Building 26 “Fields of Black”

“The fields that sit outside my window are rotting, a cold wind winding its way over the dead stalks, sending the smell of decaying plants in through my window. Mold clings to some of the stalks like snow, and there is a cold emptiness to all of it, a sort of stillness that won't leave even when an animal makes its way through it.

But that hasn't happened in a long time.

The last dead mouse I found was weeks ago.
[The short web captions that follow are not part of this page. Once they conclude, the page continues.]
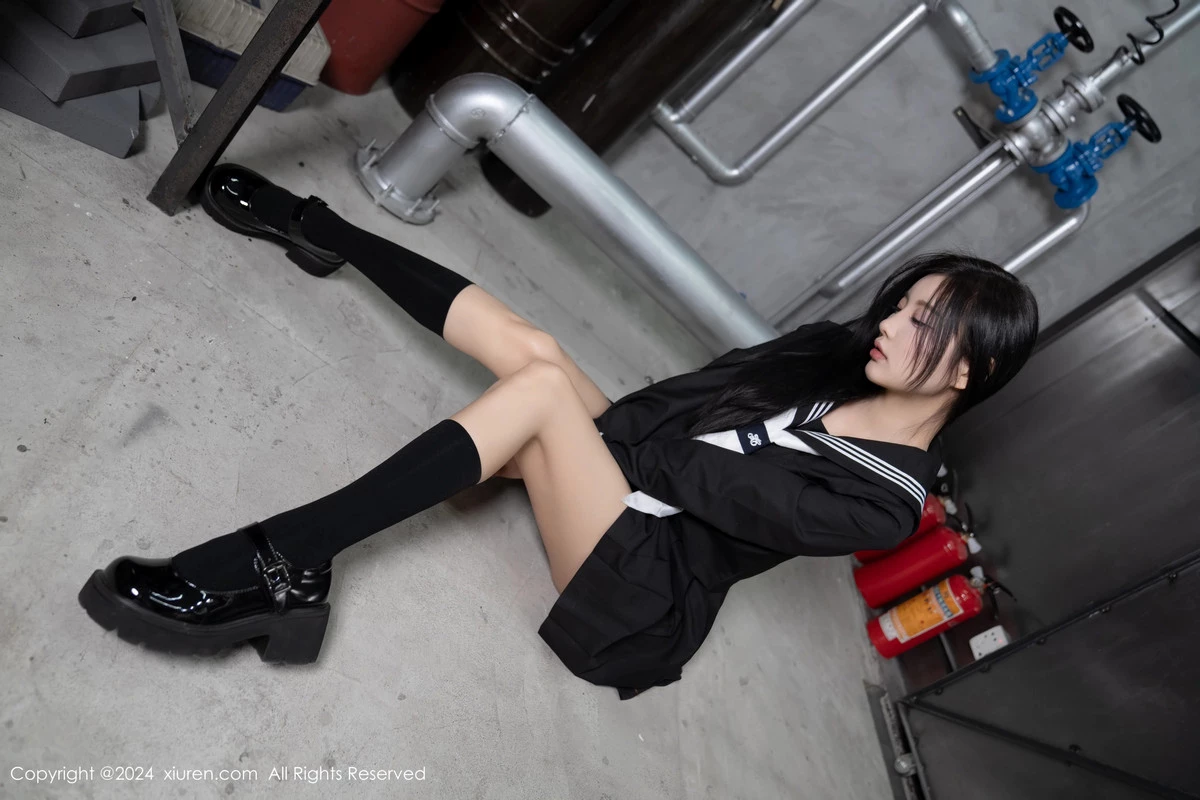 秀人集.com_[XiuRen秀人网]No.8080_女神杨晨晨Yome性感黑色制服露黄色内衣秀丰腴身材完美诱惑写真90P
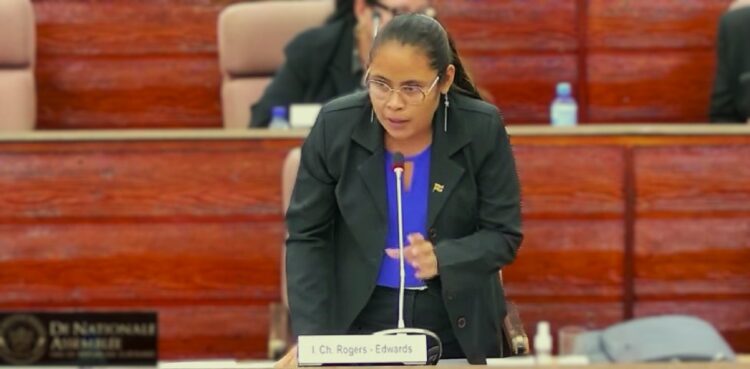 Iona Edwards POLITIEK & ECONOMIE | MISDAAD & POLITIE | INGEZONDEN | COLUMN & OPINIE | ENTERTAINMENT | SPORT | GEZONDHIED | KEY NEWS |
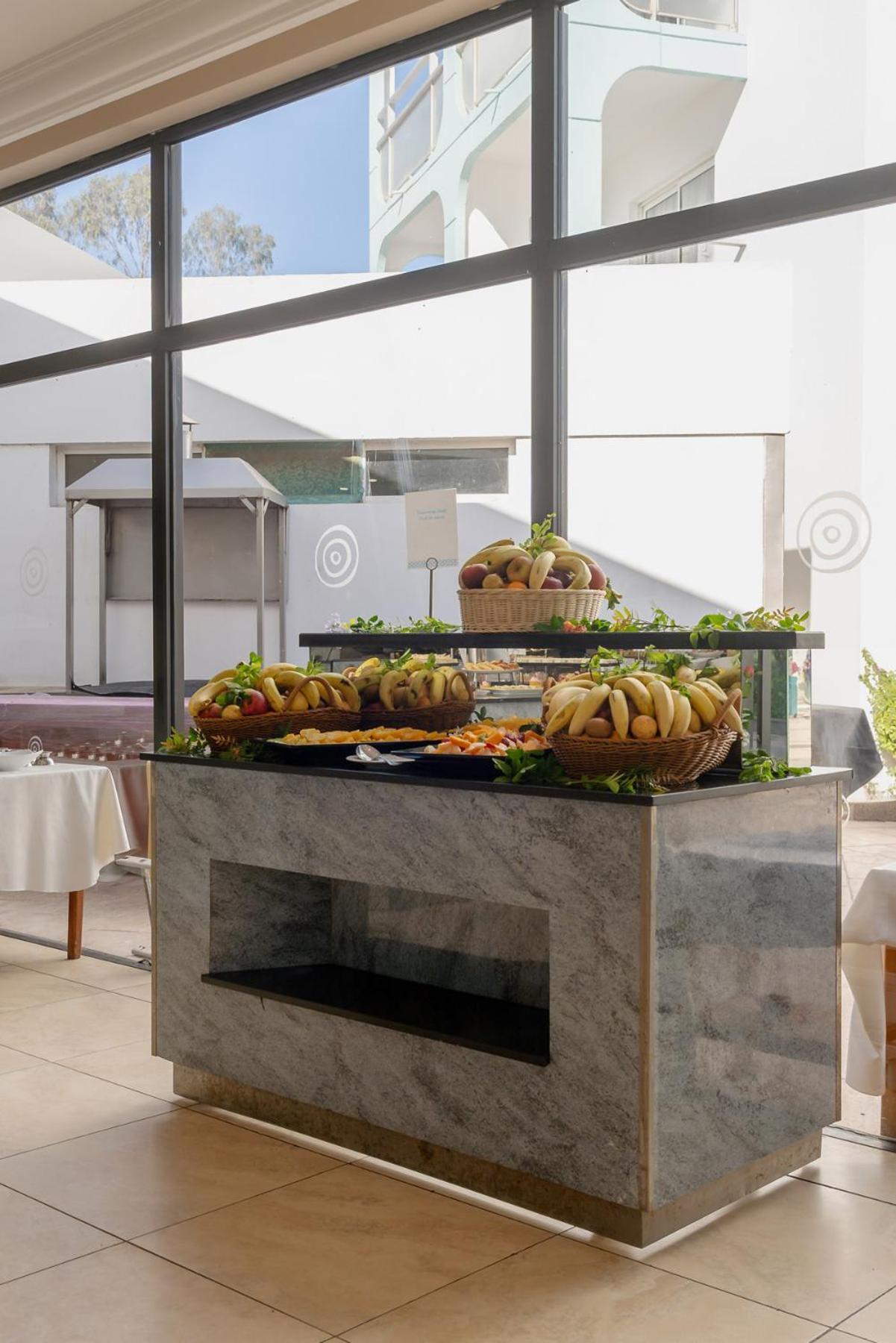 Tui Suneo Kenzi Europa Agadir Exterior foto A buffet at a hotel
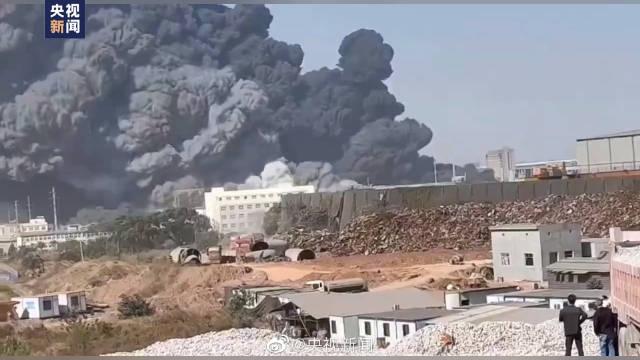 浙江衢州中天东方氟硅材料公司发生火灾 现场浓烟滚滚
My sister had to leave. We all knew it within a year of her recovery from the incident. She couldn't speak, but she also made little attempt to try to talk like she used to, even once we learned the signs. But we all understood what it took from her to live here, and so it was not surprisingly when she left and never came back.

I wanted to as well, but I couldn't leave, no matter how much I sometimes wished to, especially as mom and dad began to get on in years. The smell of their age began to pollute the house, and with the fields getting smaller so my father could better work them, it was not long before the long grasses began to make their way in towards the house.

I would take walks as much as I could back then, venturing never very far from the house. Walking is hard for me even after all this time, and there are moments when I will be working hard to move towards the house after hearing a movement in the fields, and I will be left gasping at the doorstep, struggling to find a key for a door that I didn't lock when I left.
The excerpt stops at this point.